As I read the essay, it became perfectly clear to me why I have the reaction I do to Eliot’s poetry. When I think back, I suspect that the five pages of footnotes at the end of the poem, not just my initial confusion, are what immediately turned me off to the poem. This is a poem of the “mind” not of the heart.

Now, I admire rational thought as much as anyone. I am, after all, an INTP, and “the central goal of the INTP … (is) …to understand
and seek truth.” But it is really the N, the intuitive, not the T, the thinking aspect, that truly attracted me to poetry in the first place.

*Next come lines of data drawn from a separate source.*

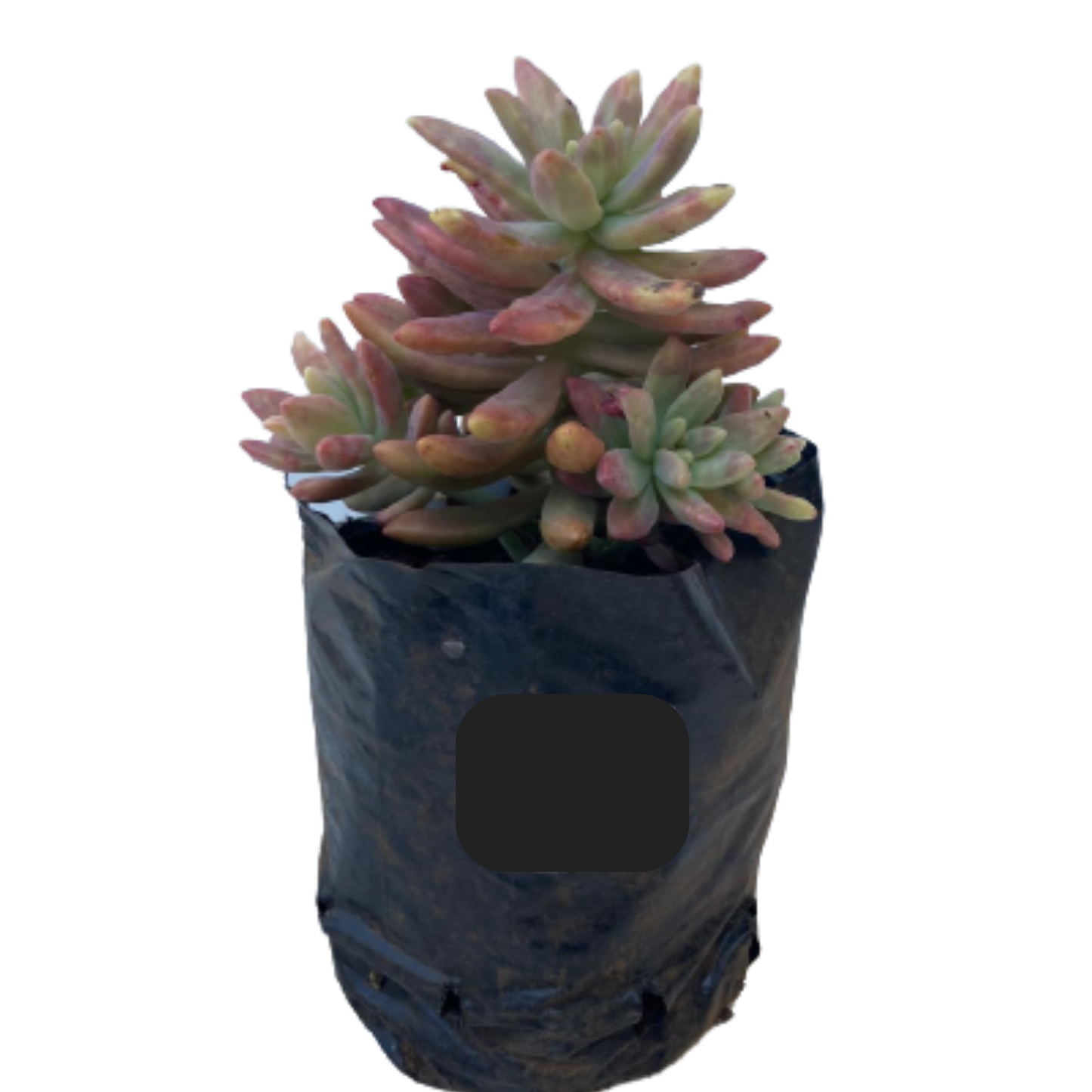 Sedum Pink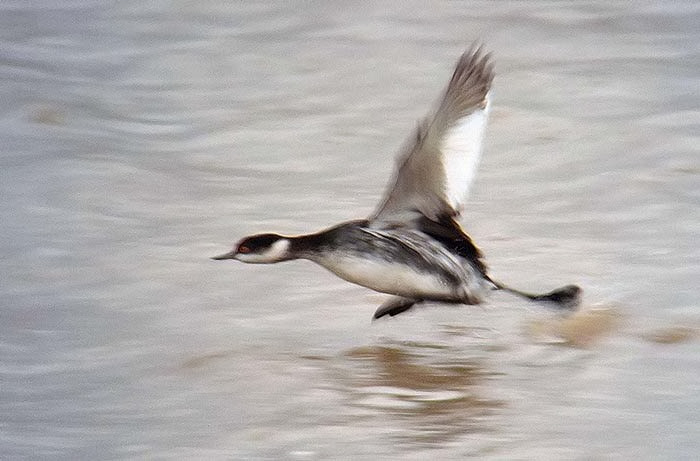 Black-necked Grebe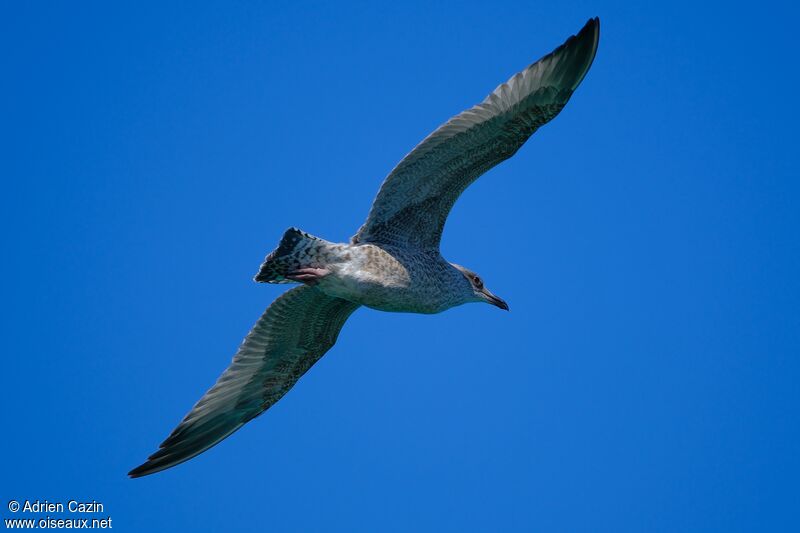 European Herring Gulljuvenile, Flight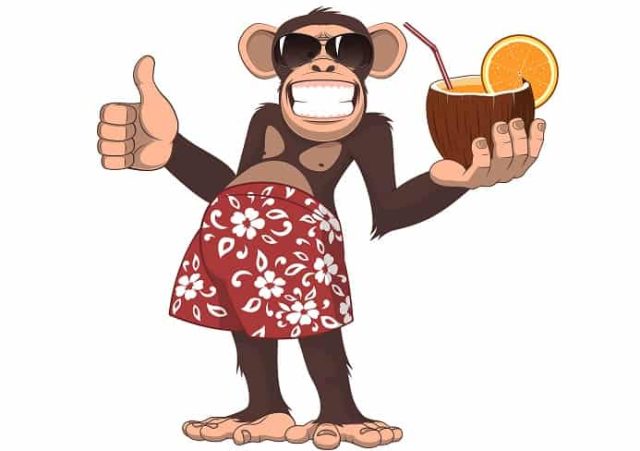 Μαϊμού με ένα κοκτέιλ στο χέρι, με παρεό και γυαλιά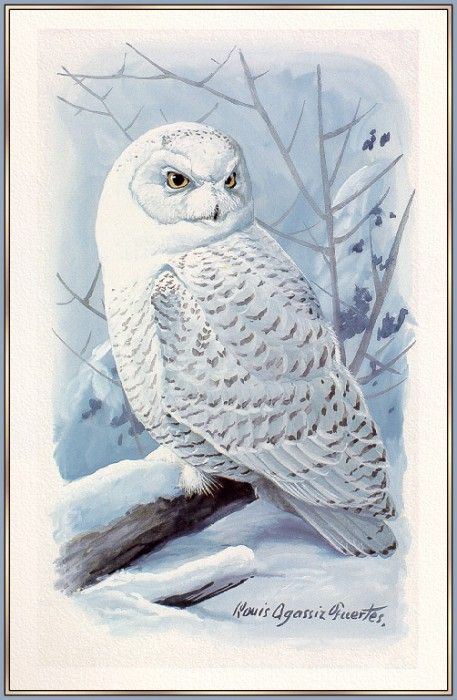 Fuertes-LouisAgassiz SnowyOwl-sj. ,  F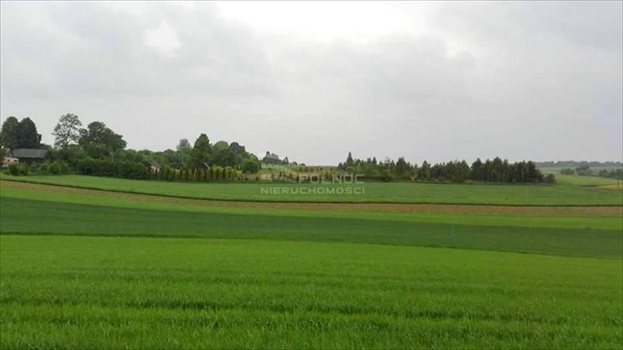 Działka inna na sprzedaż Poręba Dzierżna 14 996m2 Foto 4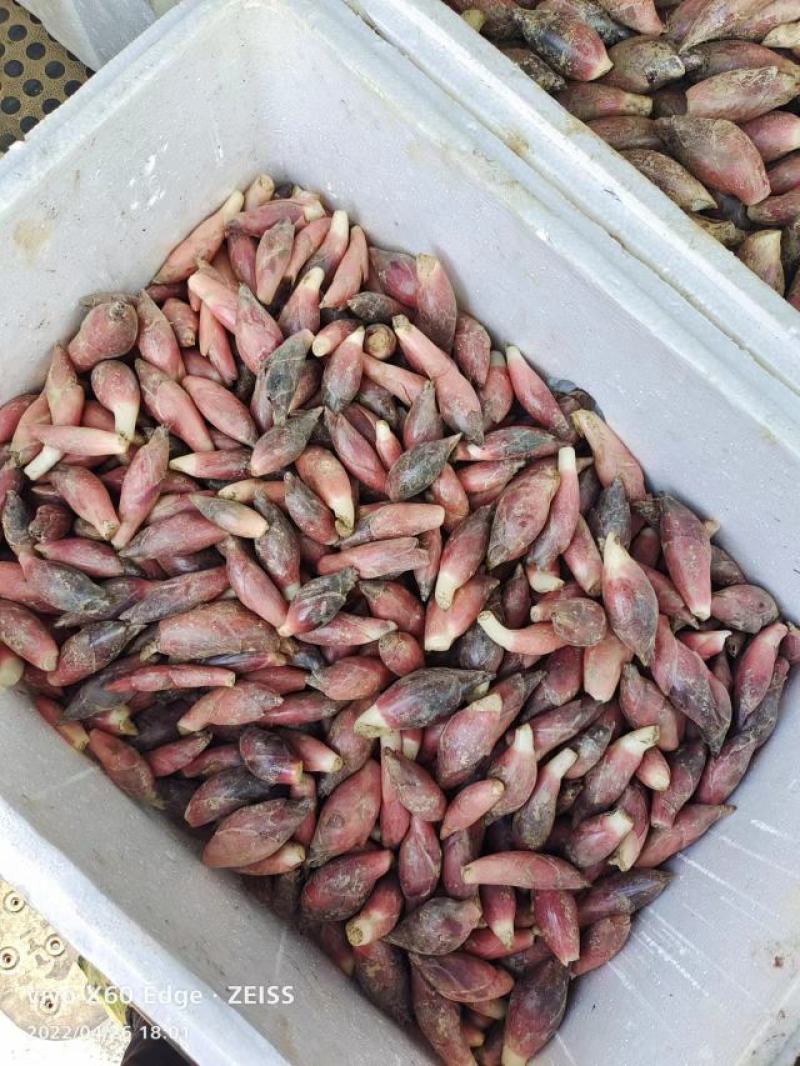 新鲜洋荷嫩芽、新鲜洋荷（基地直供）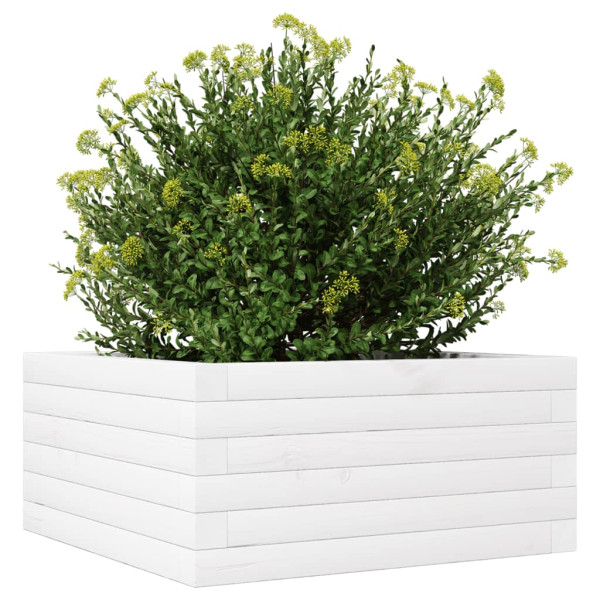 Vaso/floreira de jardim 50x50x23 cm pinho maciço branco M 4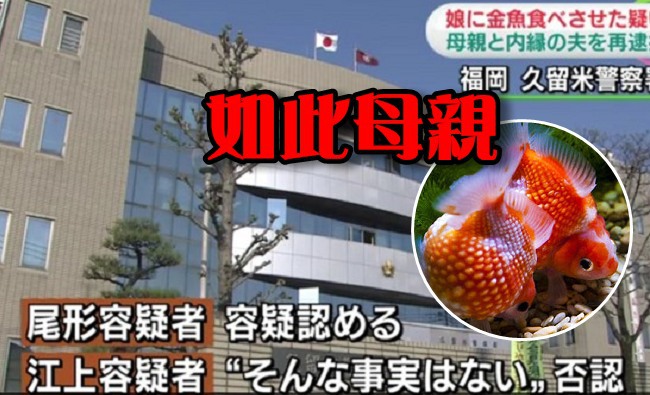 變態! 日狠母對16歲女施虐 逼吃30隻死金魚 | 華視新聞
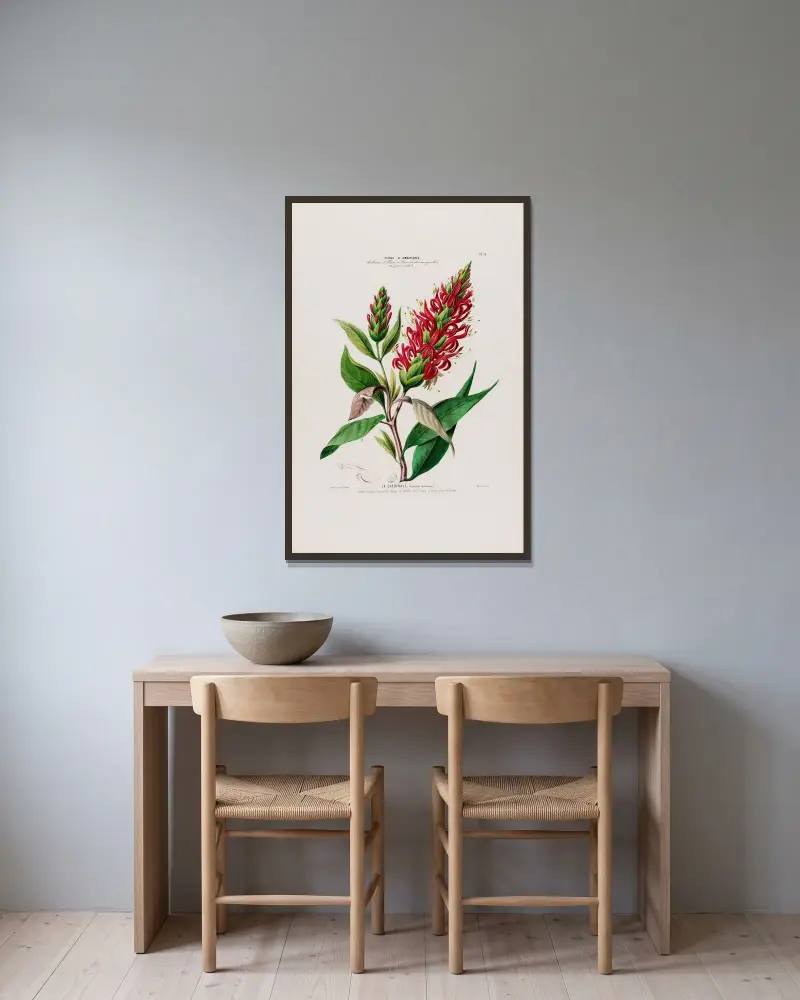 Flore d’Amérique, dessinée d’après nature sur les lieux Pl.054 av Etienne Denisse inramad på en vägg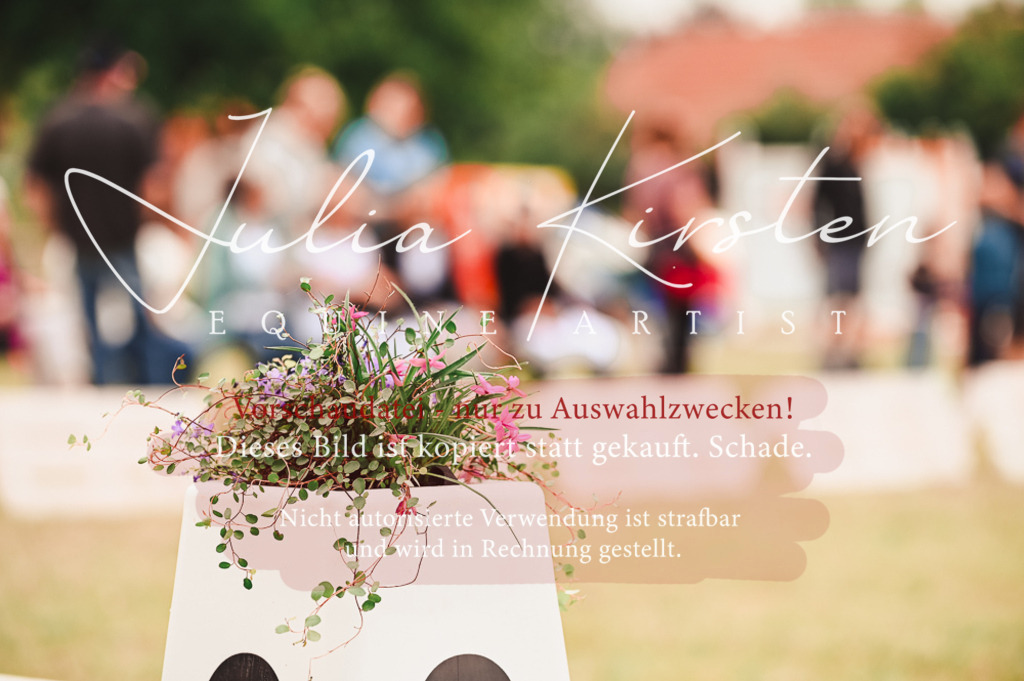 DSC_5183 | Pferde- und Turnierfotografie in Westsachsen. Pferdeportraits, Auftragszeichnungen und intuitive Kunst.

It was Thomas Hardy’s vision of an unjust world where pure happenstance and societal restrictions doomed men to unhappy lives that first attracted me to literature and poetry. Hardy’s poetry is many things, but it is not “intellectual.” Of course, I also attended the UW where Theodore Roethke was holding court, and his “work was possessed of a romantic sensibility and vibrant, deeply lyrical language. In fact, at times I have wondered if I had begun my poetic studies in the East instead of the at the UW whether I would have had a totally different attitude towards poetry. Or would I have dismissed it entirely and pursued a career in physics as I had earlier intended.?

For whatever reasons, I am still drawn to the poetry of the heart. It is the emotional appeal of the poetry to my own heart, not any logical argument, that is most likely to convince me of the authenticity of the poet’s vision.